• _Task directions_
Across the whole listing, return each line exactly, with no images included.

• _Provided data_

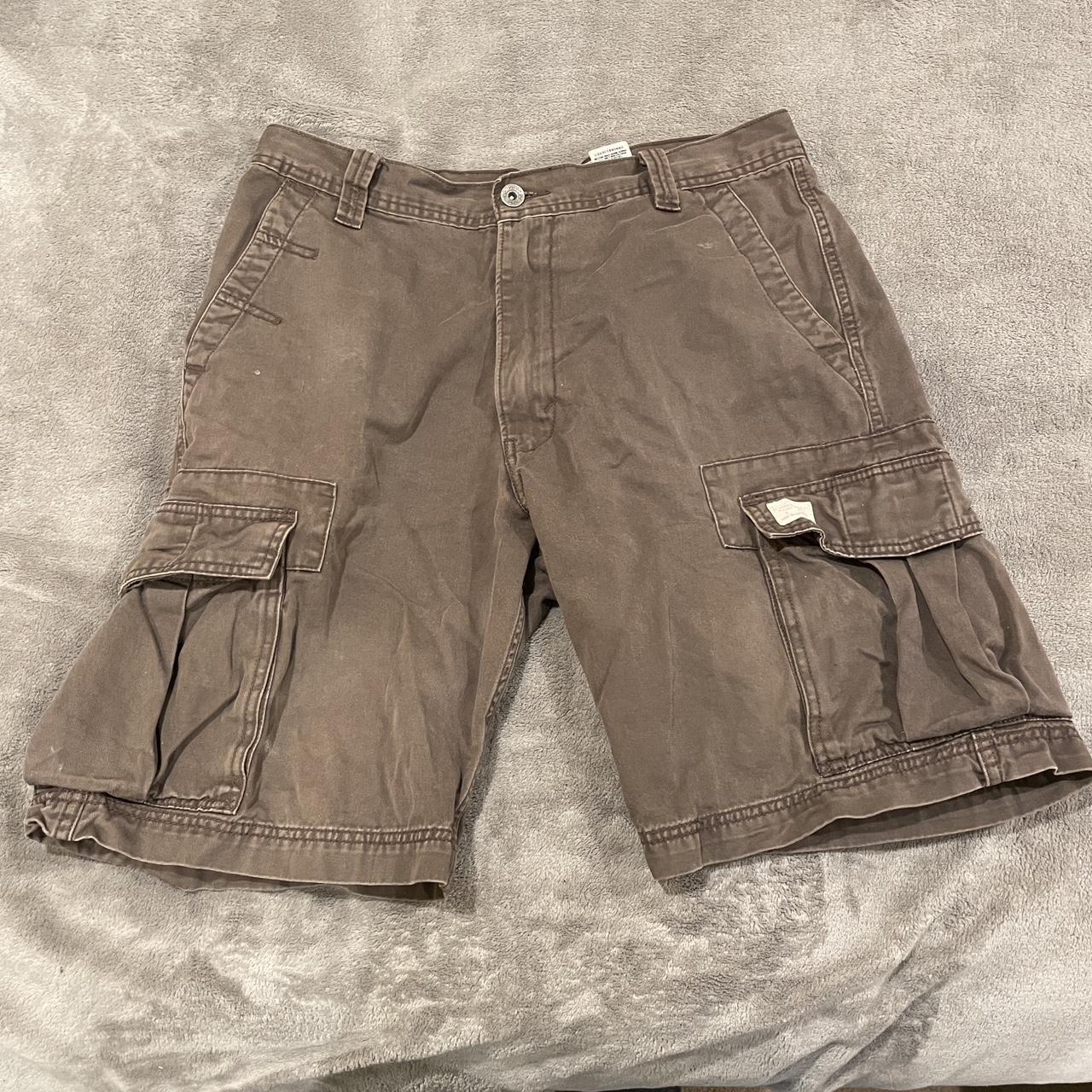 Vintage levis cargo shorts super nice baggy fit,... - Depop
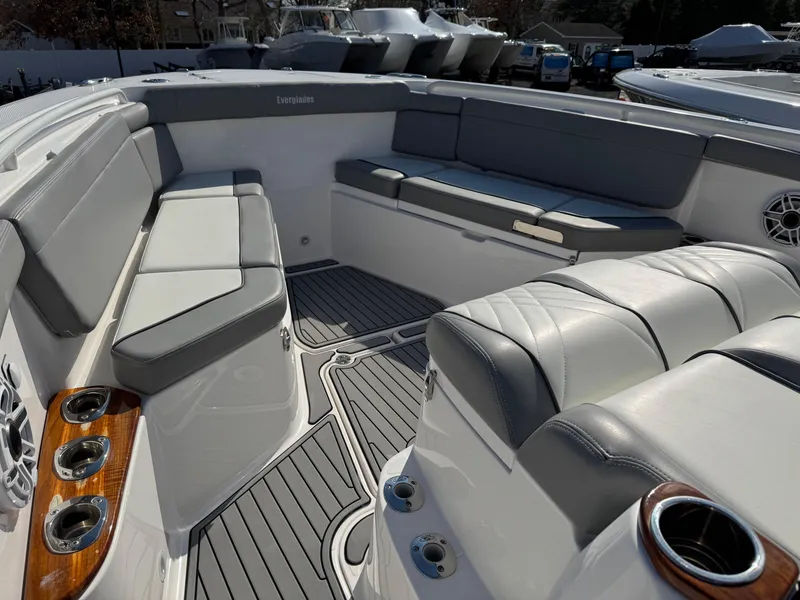 Slide: The Image of 2022 Everglades 395cc boat interior with gray seating and wood accents. - 4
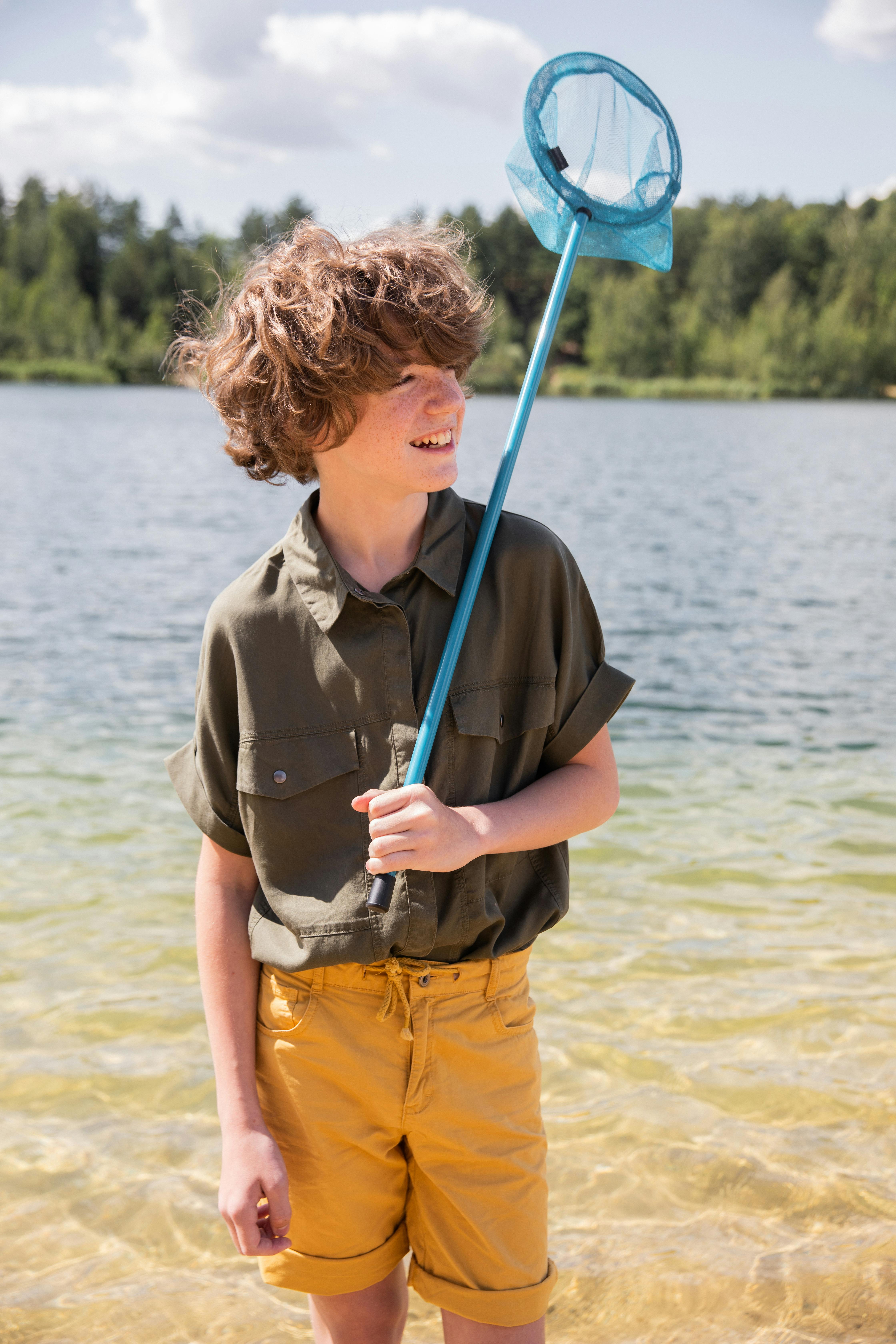 3,300+ Kid Fishing Net Stock Photos, Pictures & Royalty-Free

• _Task response_
 Vintage levis cargo shorts super nice baggy fit,... - Depop
 Slide: The Image of 2022 Everglades 395cc boat interior with gray seating and wood accents. - 4
 3,300+ Kid Fishing Net Stock Photos, Pictures & Royalty-Free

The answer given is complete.